Bull Session
Smart Cities and the IoT
February 12, 2015
Episode Summary
Across the United States, from New York to Los Angeles to Boston, there are a variety of new initiatives to develop Smart City services, using sensor technology and the Internet of Things to improve the quality of urban living.
Examples of these initiatives range from well-coordinated transportation services using big data to reduce traffic congestion and save commuters time and fuel, to public safety and security services controlling police dispatch, municipal repairs, and even snow removal.
In this episode of The Digital Life, we discuss the long-term implications of designing Smart Cities, and the potential pitfalls of such wide-ranging projects, as the digital infrastructure of our environment grows.
All of that data is made available to improve, hopefully, the lives of urban residents and make things run more smoothly, sort of looking at the city as this living and breathing thing, like a quantified self for the city, the smart city. The reason that’s on my mind today is because, boy, Boston could sure use some help coordinating all of the pieces of machinery for the snow removal here, because boy do we have a lot of it.
But yeah, there’s this need for it to be not just … to your point, not just a government boondoggle, a government controlled aspects where it’s like Big Brother telling you where to go and what to do, and more of a public-private, and even maybe academic institution, collaboration where all of these different stakeholders and parties can have input into these data sets and make something happen.

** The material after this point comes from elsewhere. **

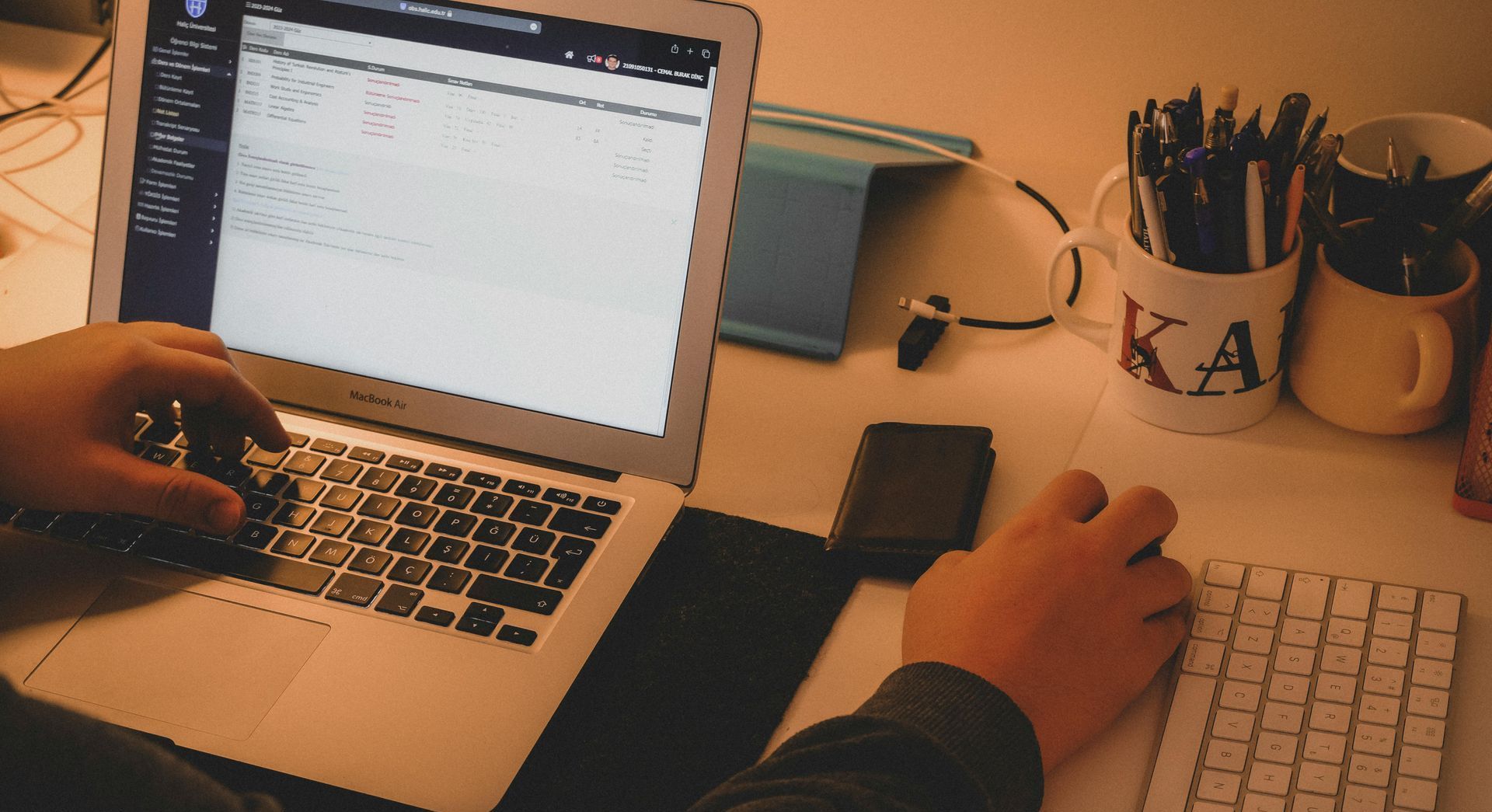 A person is typing on a laptop computer while sitting at a desk.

Yeah, the cynic in me would agree with you, that wow, that’s just a way that we can spend a bunch more money outfitting the city with sensors and then really not realize the return on investment that’s promised.
But the promise, what’s so tantalizing about the idea of a smart city, is some kind of central planning, is some kind of, “Here are 50 interesting systems built on the Internet of Things that are coordinated and talking to each other and centrally controlled,” and the consequence of that is massive improvements to information that is being fed to citizens to improve their lives or to how operationally the city can optimize all of the different moving parts of the services that they provide to make them better and get to the next level.
Yeah, I mean, if smart city … and this is not an area of expertise for me, so when people are talking about smart city, maybe they are just talking about the granular, of like, “Hey, here’s a tool and this tool can do something neat.” Yeah, that’s going to happen. It is happening, and it’s just going to be more. The thing that would be great, but the thing that we suck at, is using our municipal government to create a central plan that really does interesting things. That’s what I’d love to see, but it just seems like it would be hard as hell to get to.
Additionally, the planet’s having a little something to say about our use of resources in the form of global warming. Boston is actually a leader in terms of doing some planning around resiliency for rising sea levels, because of course Boston is a port city. Even there you can see how having some level of understanding of the data that, in this case, is coming from the rising sea levels is going to be critical for people to be able to even live in port cities in the future.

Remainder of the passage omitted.